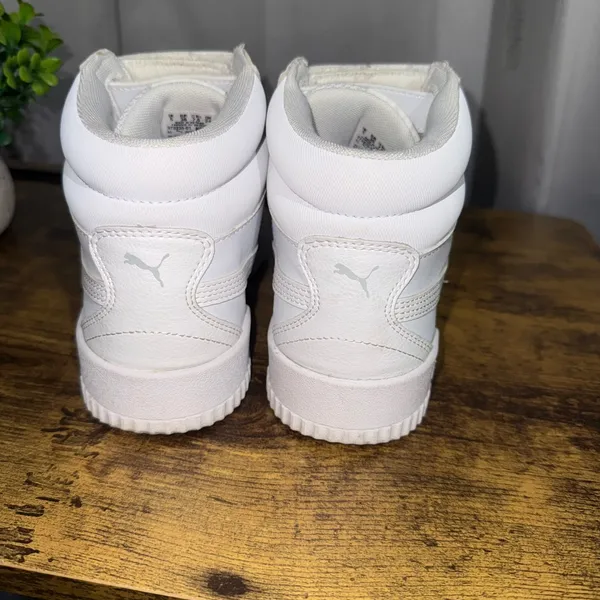 Puma Carina Mid White Sneakers Womens 7.5 Platform High Top Athletic Shoes - Image 5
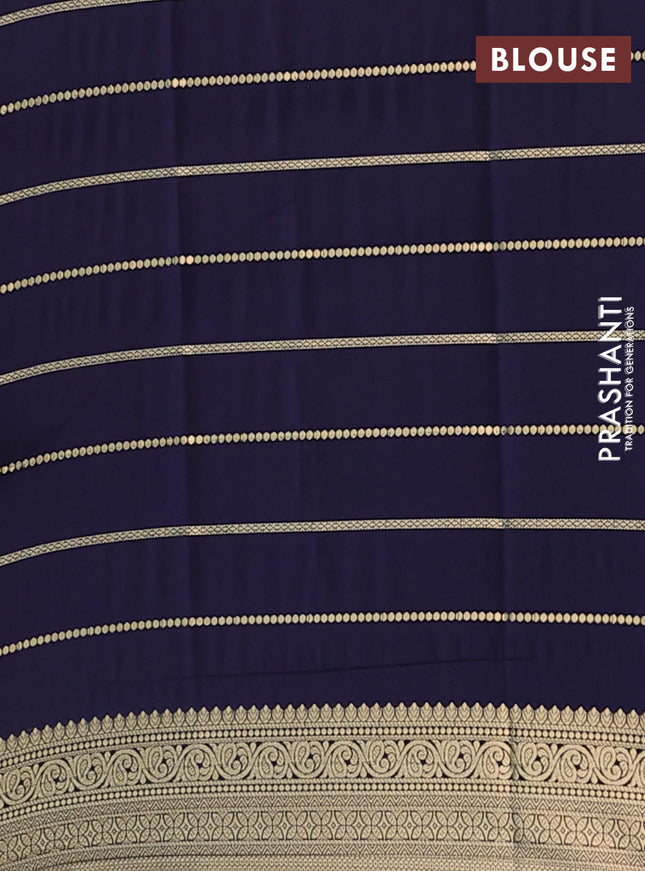 Semi mysore silk saree pink and navy blue with allover zari woven stripes pattern and zari woven border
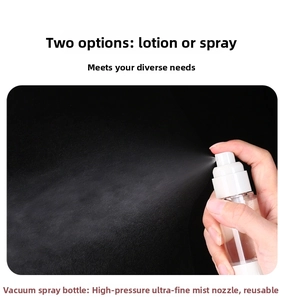 Detail showing pressurized ultra-fine mist spray nozzle action on a vacuum bottle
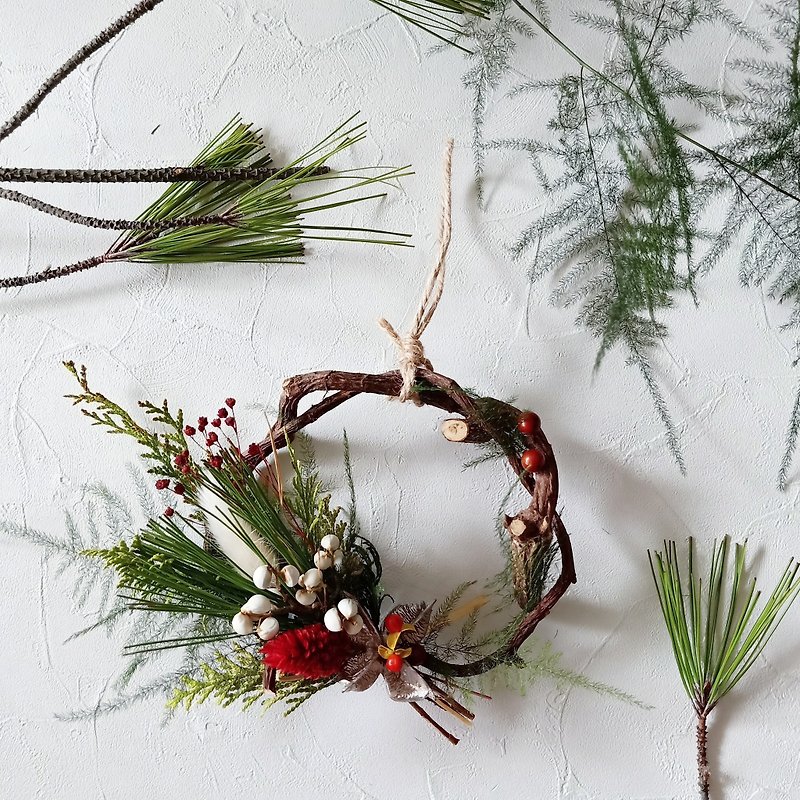 Christmas Wreath / Christmas Gift / Exchange Gift / Christmas Pack / Classic - ของวางตกแต่ง - พืช/ดอกไม้ สีเขียว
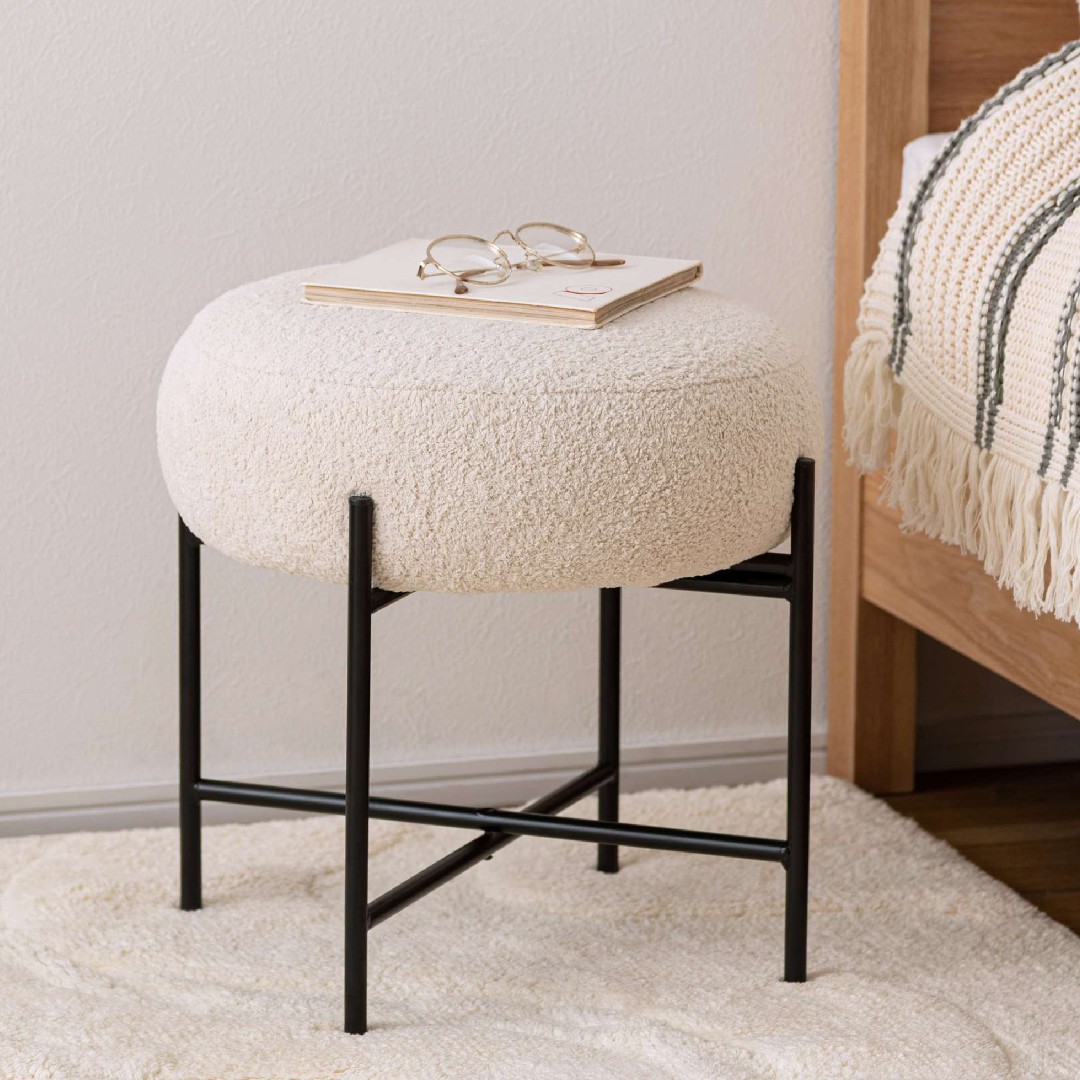 もこもこ細身スチールスツール(アイボリー)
-*-*-
[Required work]
All of the listing above must be output exactly, except for its pictures.

[Response to this exercise]
 Puma Carina Mid White Sneakers Womens 7.5 Platform High Top Athletic Shoes - Image 5
 Semi mysore silk saree pink and navy blue with allover zari woven stripes pattern and zari woven border
 Detail showing pressurized ultra-fine mist spray nozzle action on a vacuum bottle
 Christmas Wreath / Christmas Gift / Exchange Gift / Christmas Pack / Classic - ของวางตกแต่ง - พืช/ดอกไม้ สีเขียว
 もこもこ細身スチールスツール(アイボリー)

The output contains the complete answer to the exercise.